Describe the bug
i upgrade my doris cluster to master version.
and found error in fe'restart.
check the log and found content as below:
2020-09-26 11:37:18,961 WARN (UNKNOWN 172.28.18.140_9010_1591588831143(-1)|1) [Catalog.notifyNewFETypeTransfer():2356] notify new FE type transfer: UNKNOWN
2020-09-26 11:37:20,967 WARN (RepNode 172.28.18.140_9010_1591588831143(-1)|56) [Catalog.notifyNewFETypeTransfer():2356] notify new FE type transfer: MASTER
2020-09-26 11:37:21,162 ERROR (stateListener|67) [EditLog.loadJournal():804] Operation Type 29
java.lang.NullPointerException: null
at org.apache.doris.consistency.ConsistencyChecker.replayFinishConsistencyCheck(ConsistencyChecker.java:373) ~[palo-fe.jar:3.4.0]

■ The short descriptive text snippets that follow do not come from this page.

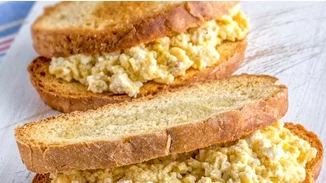 Σάντουιτς με scrambled eggs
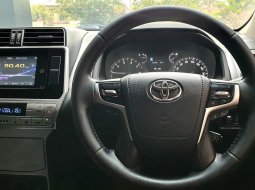Toyota Land Cruiser Prado 2.7 Automatic tx hitam bensin 2017 km 79rban cash kredit proses bisa 14
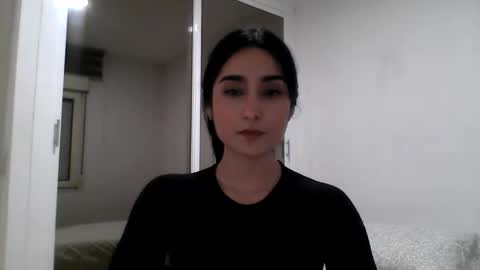 Snapshot of vaenina chatting on December 1, 2025, 9:09 pm Vaen online show from December 1, 2025, 9:09 pm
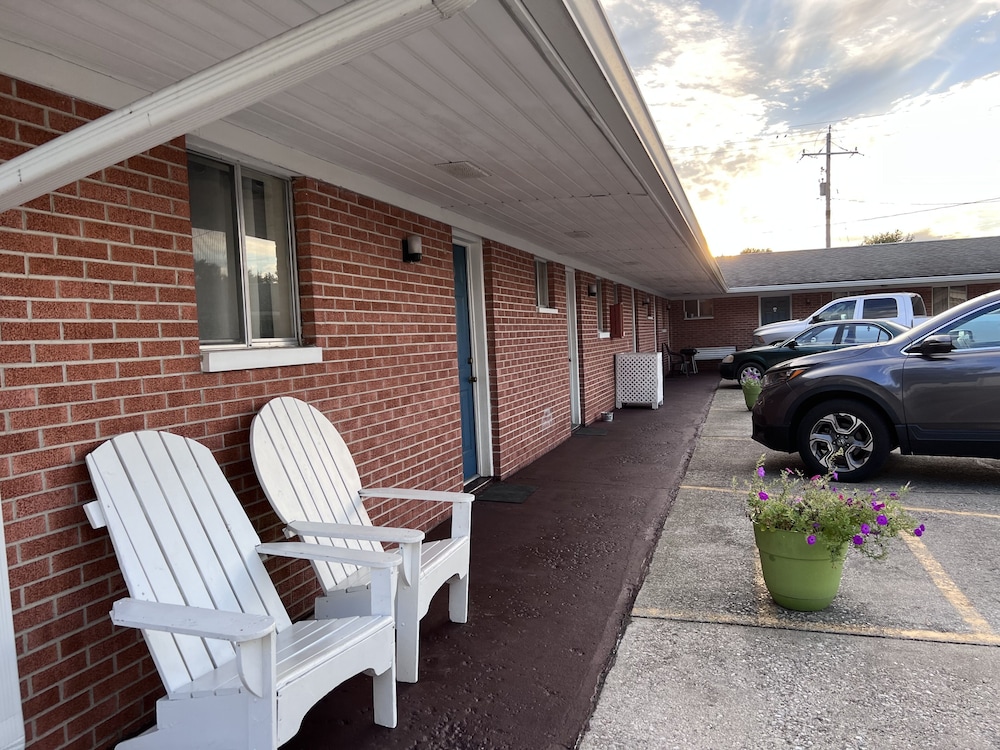 Traveler’s Inn Motel in Olney, United States
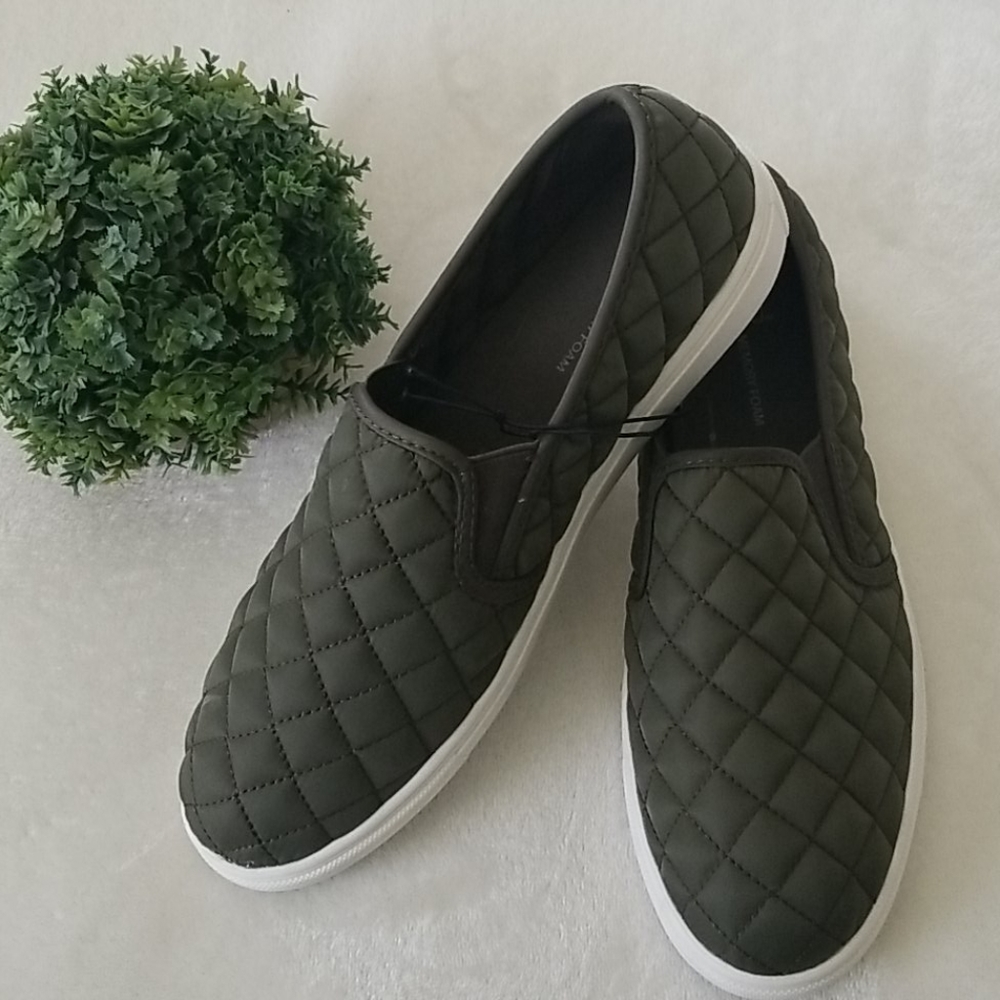 Time and Tru quilted slip on sneaker
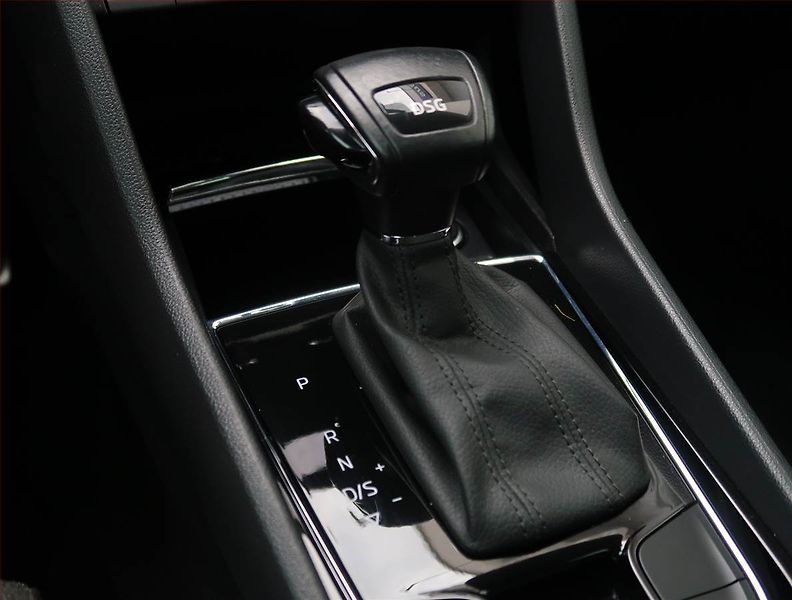 Škoda Karoq (2021) Style 1.5 TSI - fotka 13 z 29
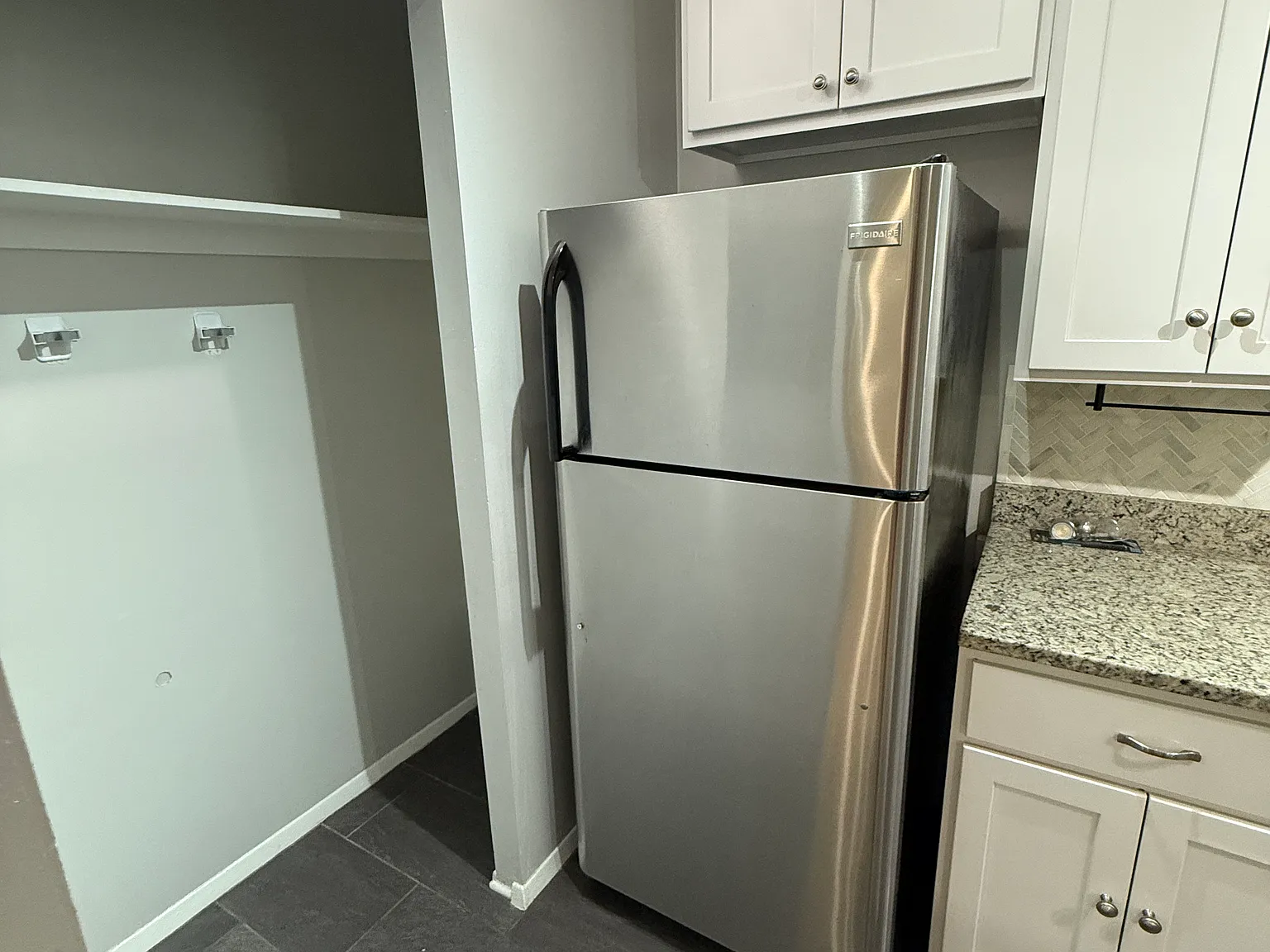 2 bed, 995 sqft, $2,100 — Photo 4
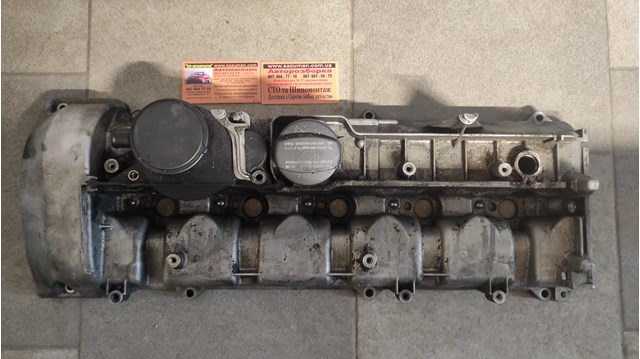 Do koszyka Pokrywa zaworowa Mercedes E  W210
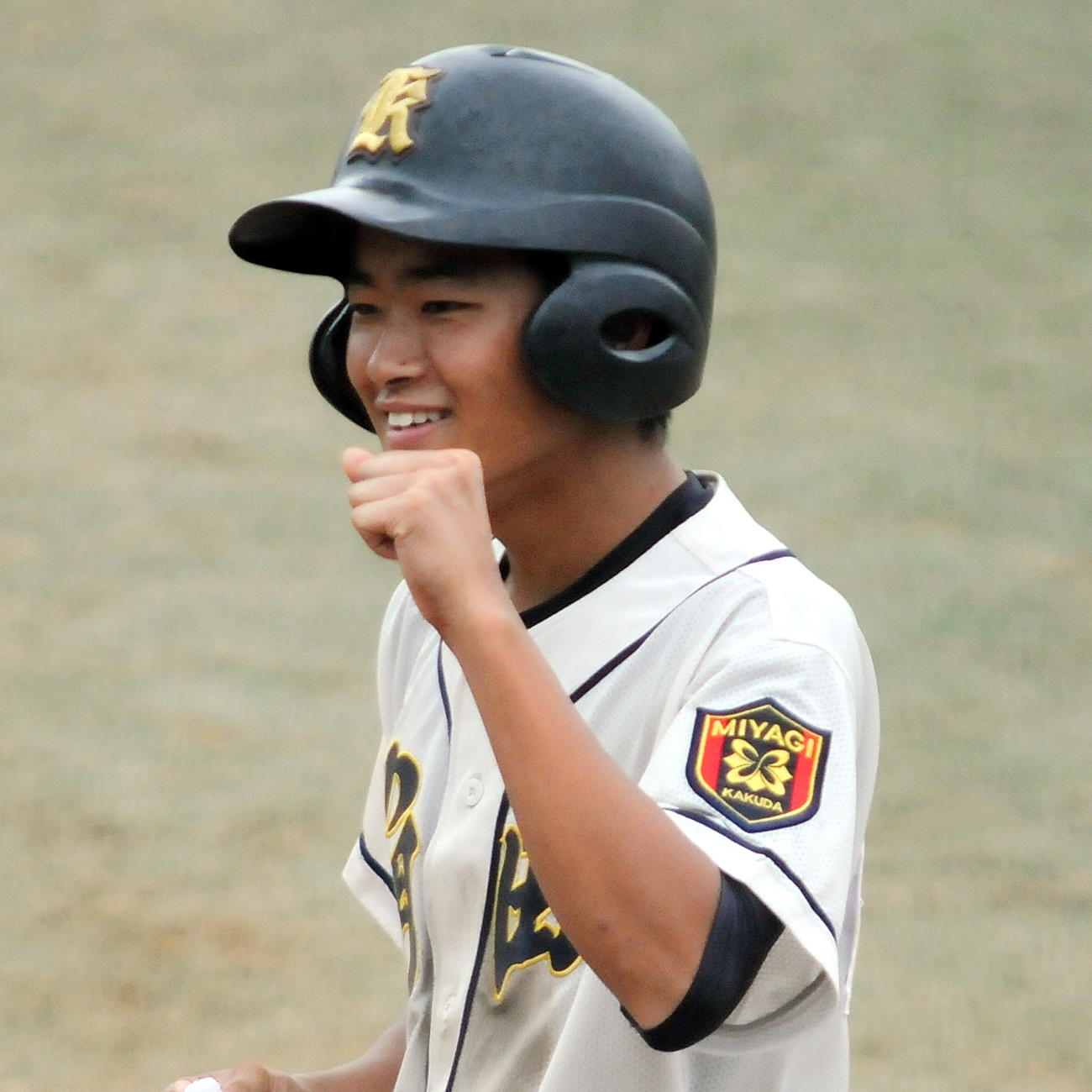 佐沼対角田　2回裏、角田2死一、二塁。9番須藤寛斗（1年）が右翼前に先制打を放ち、ガッツポーズ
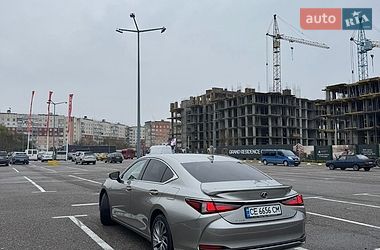 Седан Lexus ES 2024 в Черновцах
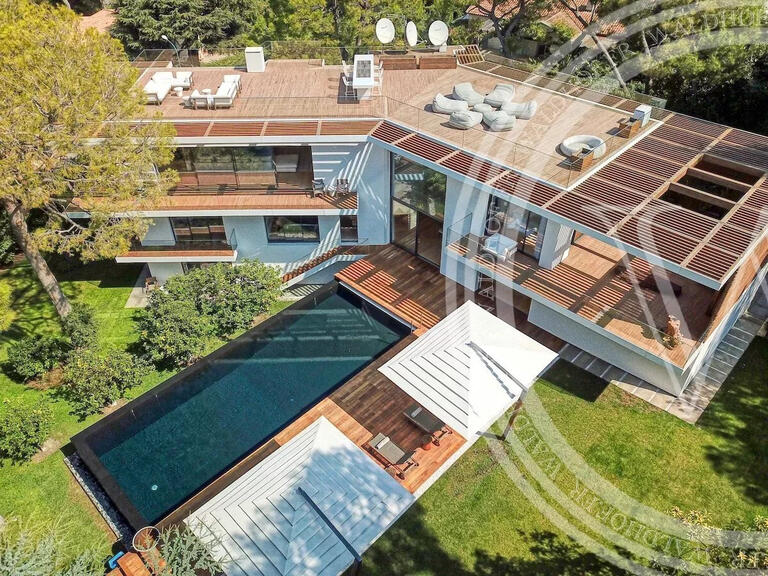 Villa Saint-Jean-Cap-Ferrat - 5 chambres - 2330m²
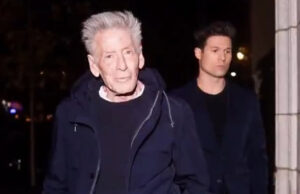 Calvin Klein quase cai em evento em NY e atitude do namorado divide opiniões nas redes sociais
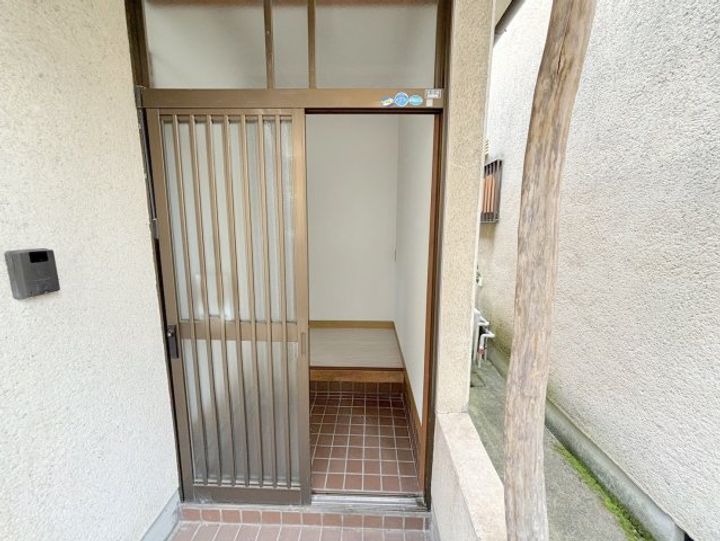 奈良県奈良市法蓮町(一戸建)の賃貸物件の玄関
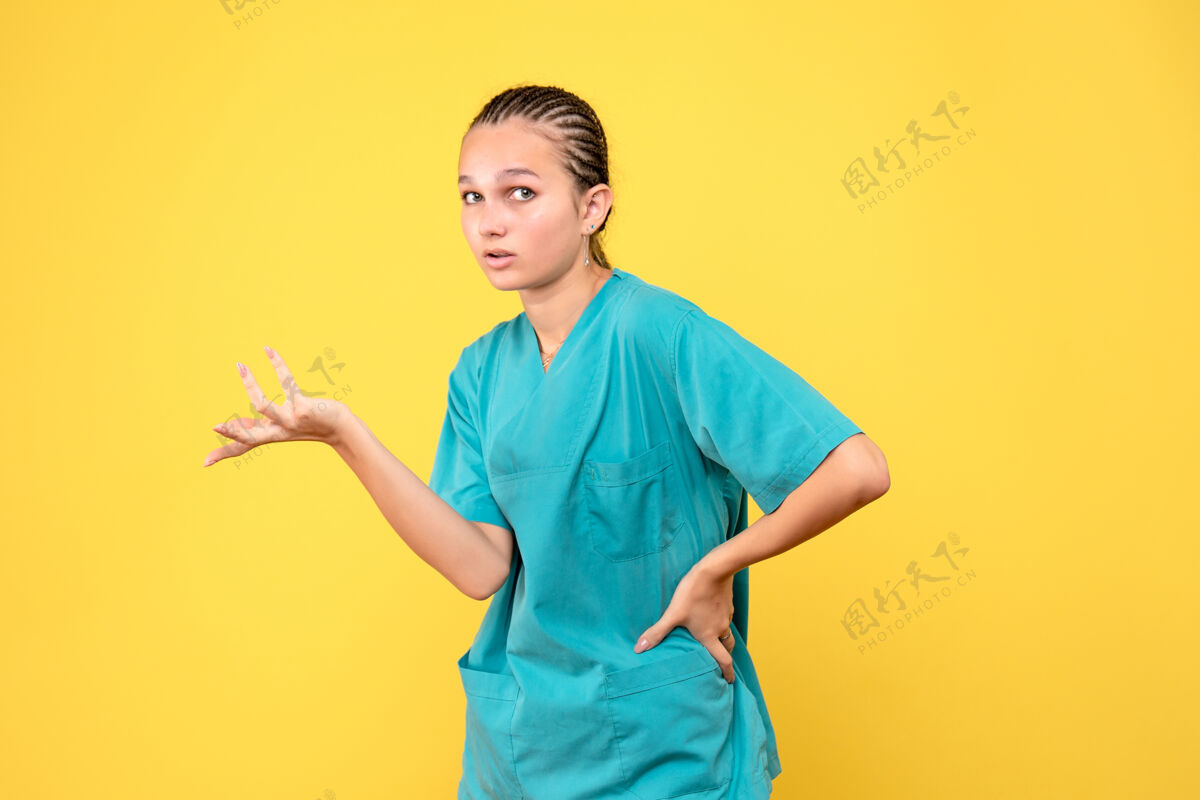 医疗正面图身穿医疗衫的女医生 病毒健康covid-19彩色护士医院女医生人成人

at org.apache.doris.persist.EditLog.loadJournal(EditLog.java:332) [palo-fe.jar:3.4.0]
at org.apache.doris.catalog.Catalog.replayJournal(Catalog.java:2497) [palo-fe.jar:3.4.0]
at org.apache.doris.catalog.Catalog.transferToMaster(Catalog.java:1167) [palo-fe.jar:3.4.0]
at org.apache.doris.catalog.Catalog.access$1100(Catalog.java:261) [palo-fe.jar:3.4.0]
at org.apache.doris.catalog.Catalog$4.runOneCycle(Catalog.java:2414) [palo-fe.jar:3.4.0]
at org.apache.doris.common.util.Daemon.run(Daemon.java:116) [palo-fe.jar:3.4.0]
To Reproduce
Steps to reproduce the behavior:
- run command
add follower ...
on the old version of doris. (the follower fe to be added is NOT started now) - run
bin/stop_fe.sh
to stop the old version of fe - upgrade files to new version of fe. e.g. lib/* webroot/*
- run
bin/start_fe.sh
to start the new version of fe - check the log then found the error as above
how to prevent in trick method.
- rollback the version
- run command
drop follower ...
on the old version of doris - upgrade files and restart fe
- fe start ok
- run
add follower ...
on the new version
Expected behavior
- add follower on the old version whether the service survives or not
- upgrade the version of fe
- restart ok
1条答案
按热度按时间ffdz8vbo1#
This is strange. the code shows that this is because the tablet does not exist.
This is hard to debug without fe.log.
But this is not a very serious problem, we can modify the code to just skip this tablet.